Specifies the language code of the user. When the system uses his token for single signon, it sets the language code for the session based on this value.

Date and Time Issued

Specifies the date and time the token was first issued. The system uses this field to enforce a time out interval for the single signon token. Any application server that accepts tokens for signon has a timeout minutes parameter configured at the system level. A system administrator sets this parameter using the PeopleTools Security, Single Signon page. The value is in Greenwich Mean Time (GMT) so it does not matter which time zone the application server is in.

Issuing System

Shows the name of the system that issued the token. When it creates the token, the application server retrieves this value from the database. Specifically, it retrieves the defined Local Node. You configure a node only to trust single signon tokens from specific nodes. Consequently, an application server needs the name of the issuing system so that it can check against its list of trusted nodes to see if it trusts the issued token.

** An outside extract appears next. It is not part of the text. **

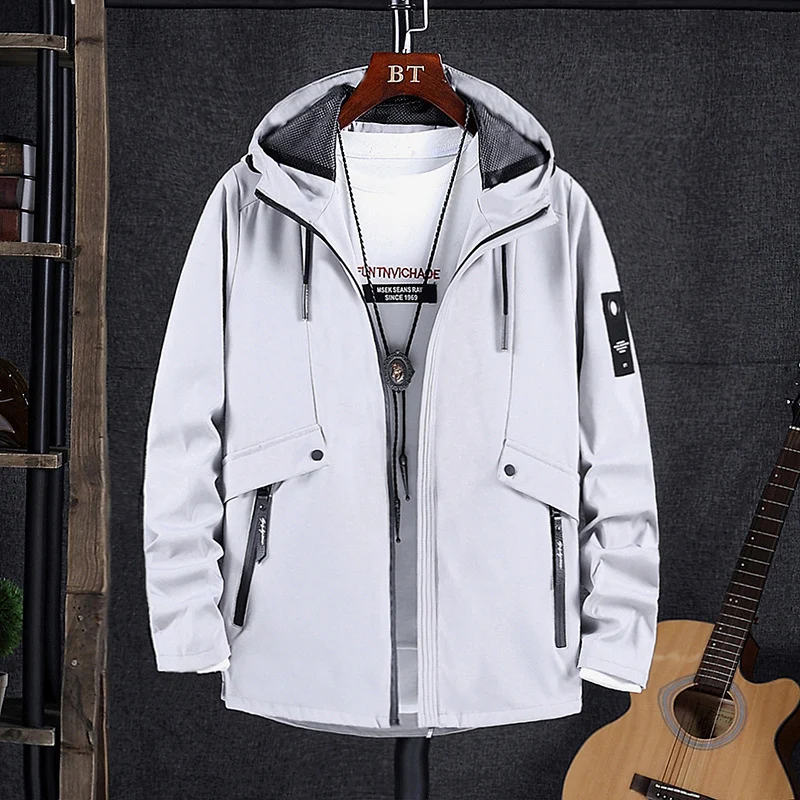 Herren wind- und wasserabweisende Softshell-Fieldjacke mit Mesh-Kapuzenfutter und verdeckten Reißverschlusstaschen Drune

Note: Single signon is not related to Integration Broker, except for the fact that single signon functionality leverages the use of nodes and local nodes.

Signature

This field contains a digital signature that enables the application server using a token for single signon to ensure that the token hasn't been tampered with since it was originally issued. The system issuing the token generates the signature by concatenating the contents of the token (all the fields that appear in this table) with the node definition password for the local node. Then the system hashes the resulting string using the SHA1 hash algorithm. For example ("+" indicates concatenation),

signature =  SHA1_Hash ( UserID + Lang + Date 
Time issued + Issuing System + Local Node Pswd )

There is only one way to derive the 160 bits of data that make up the signature, and this is by hashing exactly the same User ID, Language, Date Time, Issuing System, and node password.

Note: If you are using digital certificate authentication, the signature of the digital certificate occupies this space. The above description applies to using password authentication only.

Note: Single signon does not depend on Lightweight Directory Access Protocol (LDAP) directory authentication. You can implement single signon and not LDAP, you can implement LDAP and not single signon, or you can implement both LDAP and single signon.